El Niños are tied to elongated stretches of warm water that develop in the Pacific Ocean near the equator, but this year, that stretch of warm water is located farther out into the Pacific than usual. The result? A softened effect that won’t have much impact on the Central Plains.
The current warm spell Manitoba is enjoying is the result of warm, moist air being drawn up from the Gulf of Mexico, said the Weather Network meteorologist.
The cold snap before that, which caught many Manitobans off guard, was the result of frigid air flowing out of Siberia and over the Arctic Circle.
“Instead of blaming that one on America, which I love to do, you can blame that one on Russia,” Robinson said.
Where the El Niño effect will have a positive impact is how long weather systems stay in one place. While the Canadian Prairies saw weeks of below-normal temperatures last winter, it’s unlikely that systems will stay in place for extended periods this winter, he said. Instead, weather systems will move across the continent fairly quickly.

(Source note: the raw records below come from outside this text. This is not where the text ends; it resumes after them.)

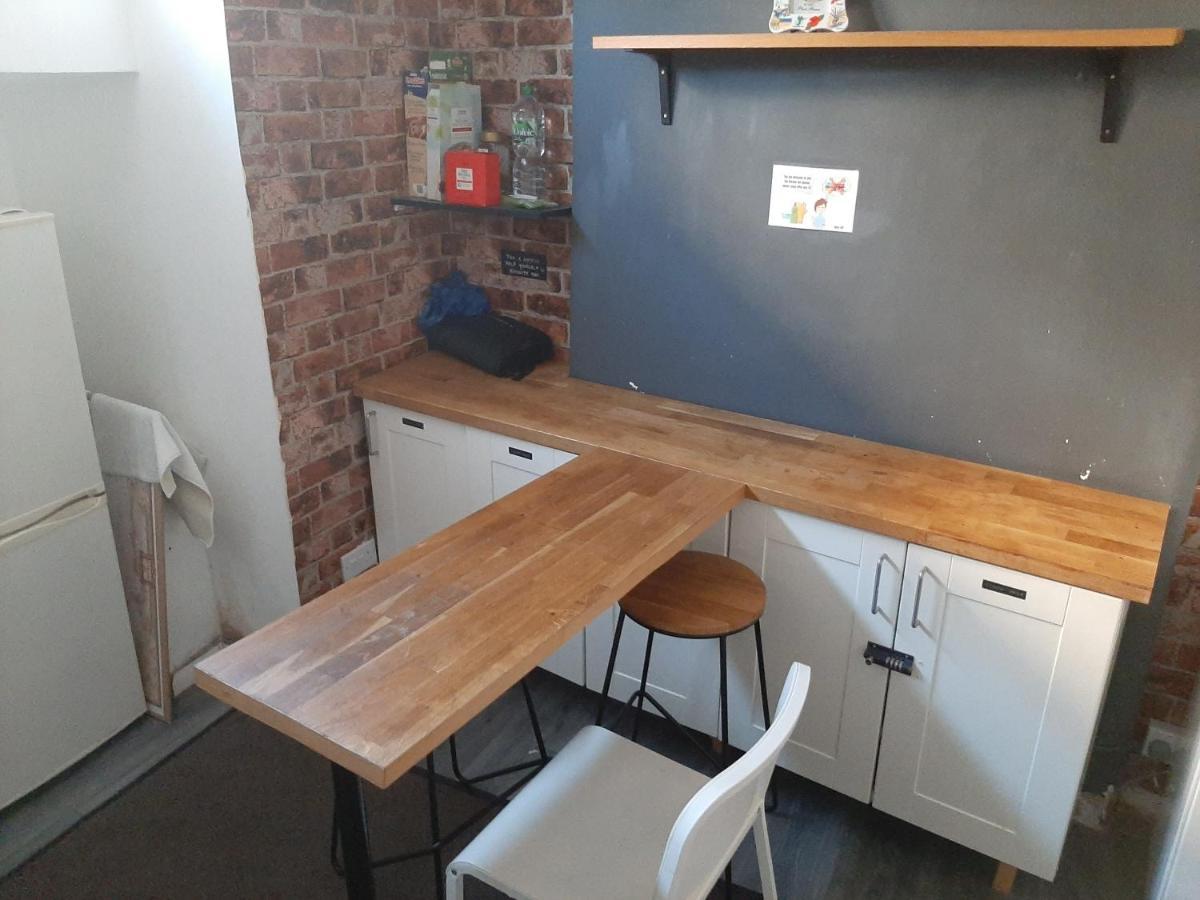 Single Bedrooms With Wifi And Underbed 10 London Exterior photo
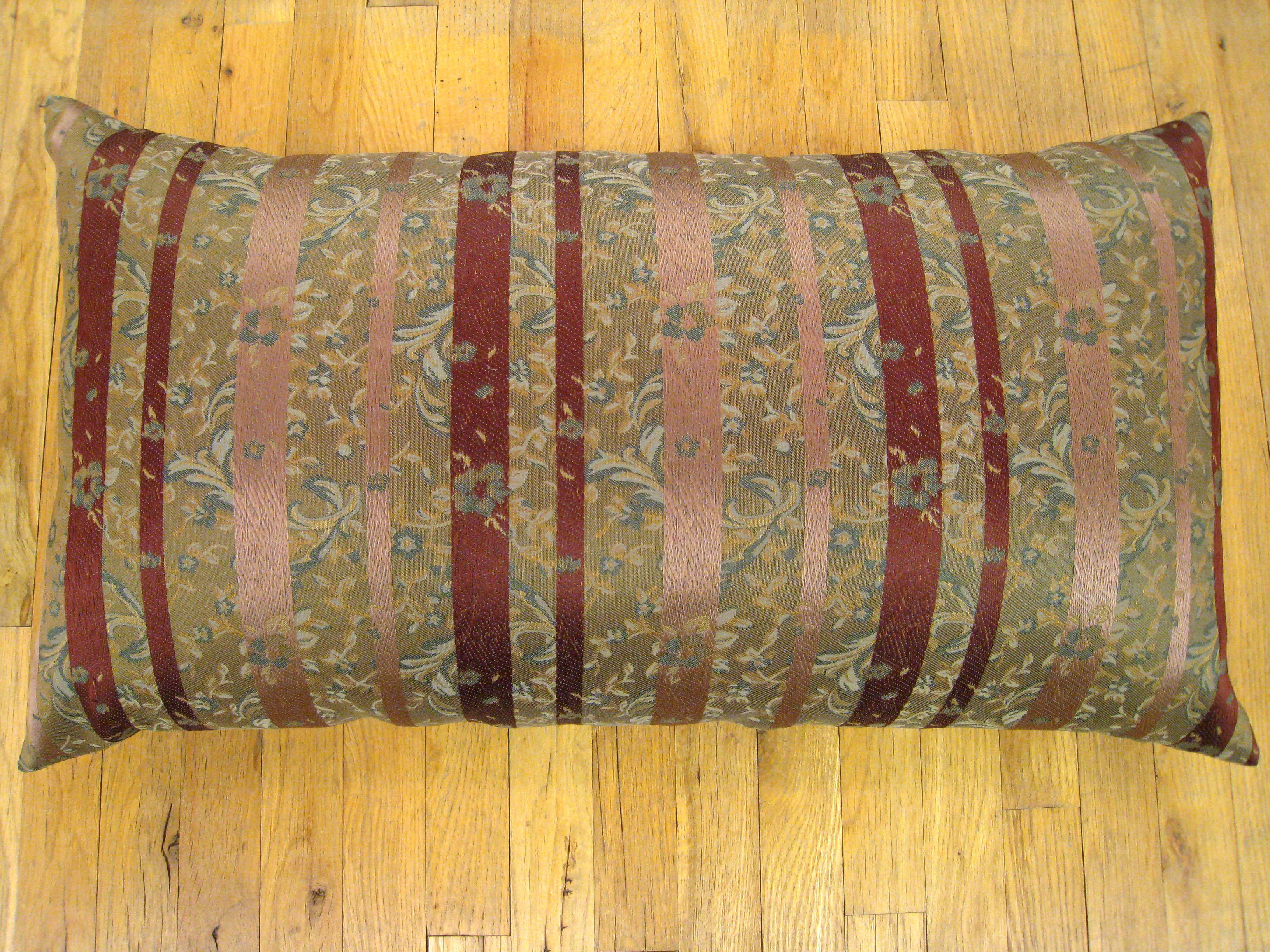 Ein dekoratives Vintage-Chinoiserie-Brokat-Kissen mit Streifen, Größe 34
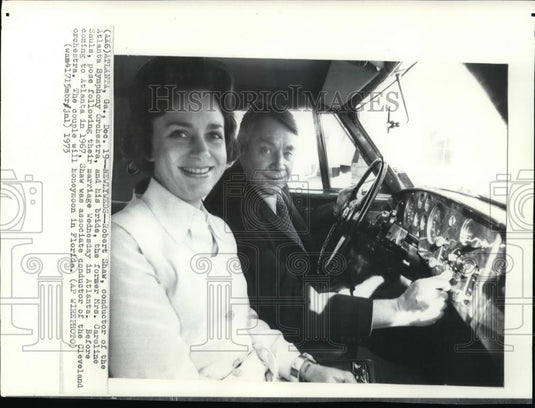 1973 Wire Photo Robert Shaw and His Bride Mrs. Caroline Sauls Pose in Atlanta - Historic Images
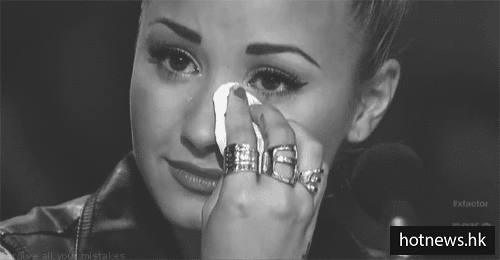 這名4個孩子的爸爸，即使「沒有了腳」還是每天勤勞工作，就為了要讓孩子有飯可以吃...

”So that’s good news,” Robinson said.
The weak El Niño also means that the extreme effects, such as drought and flooding, seen with intense or so-called “super El Niños” shouldn’t be a problem next summer.
Next spring however, may be a bit of a disappointment for Manitoba producers.
“That spring pattern is all important right now,” he said. “And right now what we’re thinking is that it’s going to be a bit of a cold, wet spring.”
Or in other words, a longer winter is in the works.
“Winter may extend a little bit further, it may be a bit more mild now, but as we get into springtime things are going to get a little bit worse, a little closer to what we saw last year, with sort of that extended winter, and that’s right now what we’re looking at,” said the forecaster.
But a long winter doesn’t necessarily translate into a poor growing season, he added, pointing to years like 2010 as an example of when a cold spring evolved into a warm fall.
A long winter does mean that if Manitoba sees severe weather next year — such as hail, tornadoes, windstorms or intense thunderstorms — it will likely happen in late June or even early July.
But a lot can change over the next several months, Robinson added, noting a clearer picture of 2015’s spring weather will emerge by next March.
“I am a meteorologist, so that means I do get paid to get it wrong on a fairly regular basis,” he said laughing.